The VSS I used has a green box, that I believe is from an S10, probably between 1989 and 1992.

It looks a lot like this:
http://chevythunder.com/VSS_optical_buffer.jpg

I don't have a spare one of this type, I do however, have two with yellow boxes, that from my Google searching seem to be from something earlier, perhaps a 1985 F-body, or similar.

They look like this:
http://i270.photobucket.com/albums/jj120/apollols/CIMG3053.jpg?t=1295320314

Unfortunately I can't find the pinout for the yellow boxed VSS, and the connectors are different, so I can't just plug one in place of the other, which was my original plan.

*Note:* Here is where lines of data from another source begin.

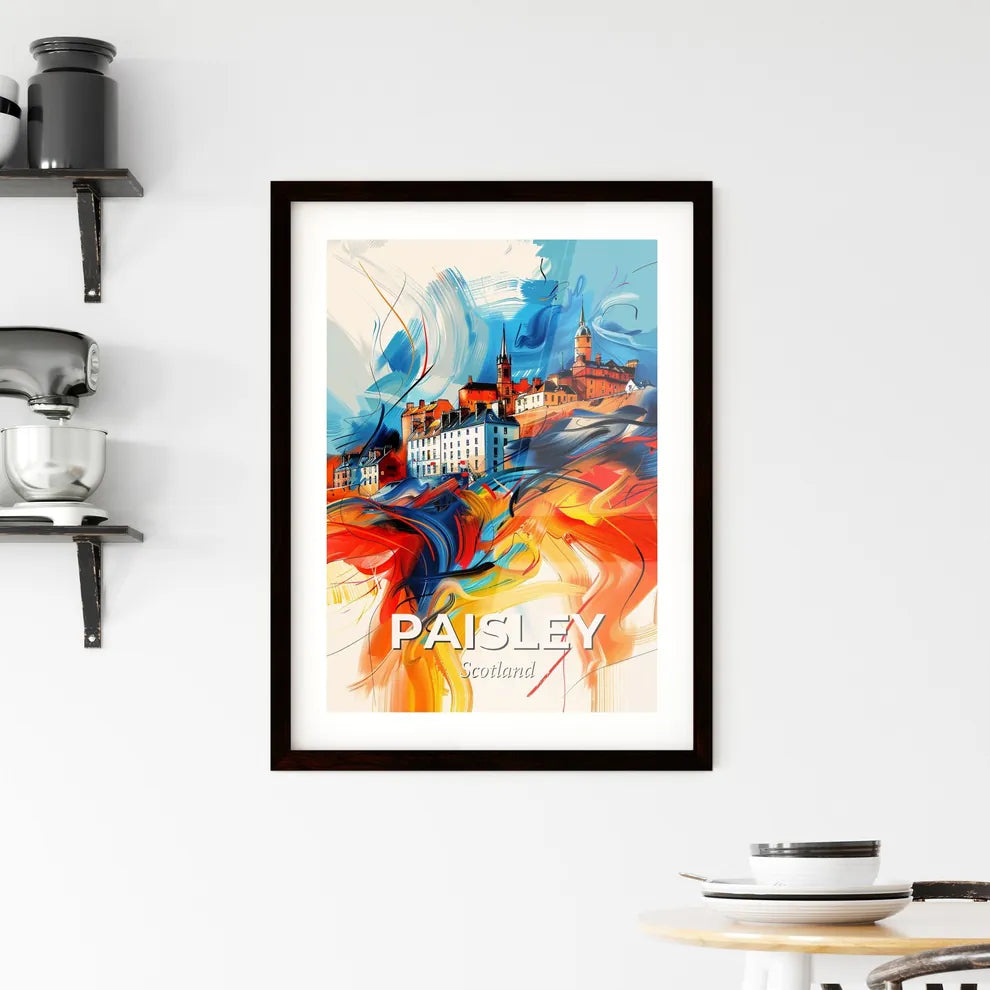 Vibrant Paisley, Scotland Framed Print
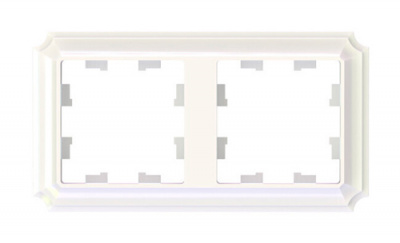 SE AtlasDesign ANTIQUE Рамка 2-постовая Жемчуг Systeme Electric AtlasDesign ATN100402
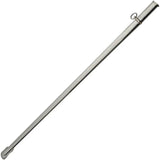 India Made French Style Officer Sword - Stainless 32 Inch Blade Leather Wrapped Handle Brass Guard by India Made
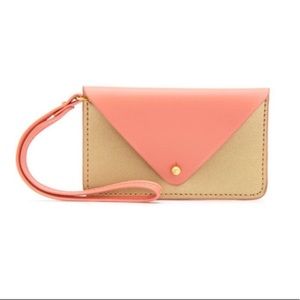 Minor history mini wristlet/ card holder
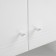Cabinet hinged for the bathroom "PS 50" with a niche, 78 x 50 x 23 cm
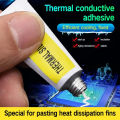 Thermal Glue Circuit Board Adhesive Thermal Conductive Heatsink Viscous Adhesive Glue Compound Glue CPU LED Heat Sink Sealant. 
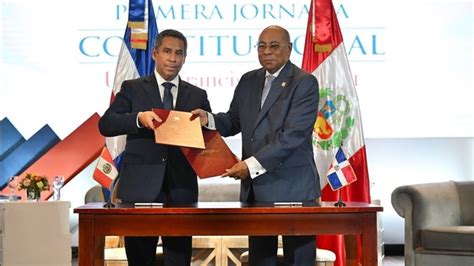 Tribunales Constitucionales De Perú Y República Dominicana Suscribieron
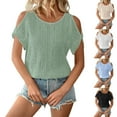 thumbnail image 1 of ZyeKqe Womens Long Sleeve Shirts Crewneck Going out Tops Stretchy Slim Fitted Basic Tees, 1 of 7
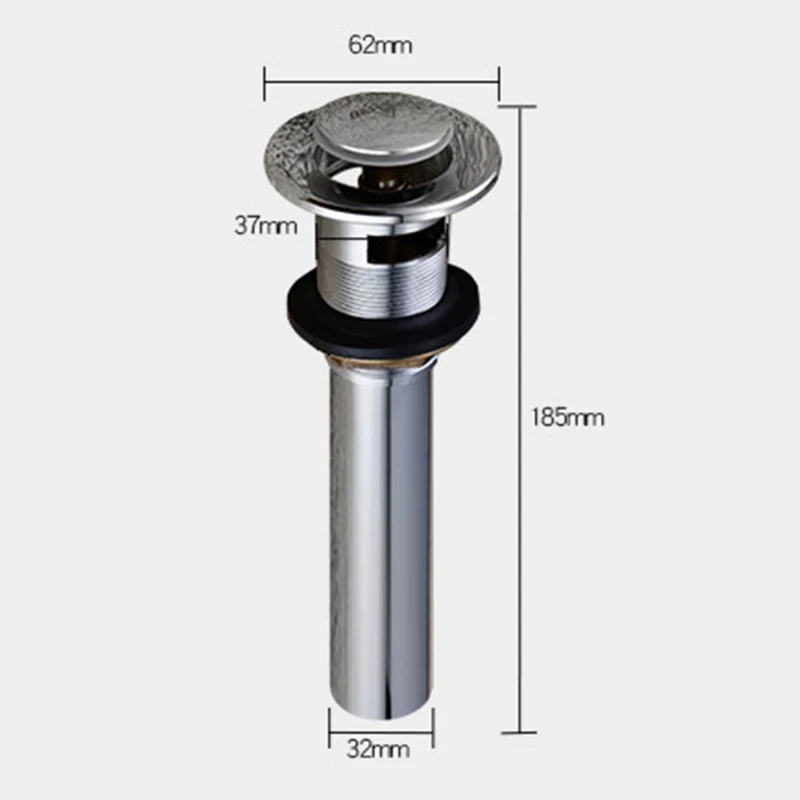 

Bathroom Basin Sink Pop Up Drain Brass With & Without Overflow Vanity Sink Waste Drainer Chrome Black Antique Gold Sink Stopper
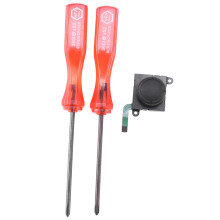 Left and Right 3D Analog Joystick Rocker Thumb Rod Stick with Screwdriver for Controller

Does anyone have a cluster with one of these still attached and can check the pinout, or know the pinout offhand?

RobertISaar
07-27-2014, 04:59 AM
if you can come up with guesses as to which application might have the right diagrams, i can do some alldata digging.

Six_Shooter
07-27-2014, 07:21 AM
Well, the picture of the yellow VSS is attached to a 1985 Camaro cluster, according to the thread I pulled it from.

RobertISaar
07-27-2014, 05:00 PM
http://imgur.com/VDdoWWE,RbnFfKf

Six_Shooter
07-28-2014, 02:43 AM
The second one is correct for this type of VSS, but still doesn't give pin out, just wire colours, of which there are no wire colours as you can see from the cluster photo above.

Anyway I figured it out with some inspection of the circuit and comparing to the old VSS.

On the green boxed VSS, there are 4 pins, one all by itself way away from the other 3 that I believe is to feed cruise control.
Then there are 3 pins near each other, one on it's own leg, and two on a common leg. The one by itself is the signal to the ECM, the middle pin is ground, and the other is 12V

On the yellow box VSS the pin out is essentially reversed. There are only 3 pins. The 12V pin is the one by itself, then ground is in the middle and then signal is on the same leg as the ground.

I now have a working VSS again.

The yellow box VSS seems more, well sensitive, not the right word, but I noticed that the speed indication happens quicker than the old VSS, but jumps around more at lower speeds. And this makes sense since the circuitry seems to just take the pulse from the emitter/detector pair and triggers a transistor to create the output. The green box VSS has what looks to be more of a buffer circuit, that will average sample pulses before creating an output. I'd have to find a data sheet on the IC used in the green box VSS to know for sure though.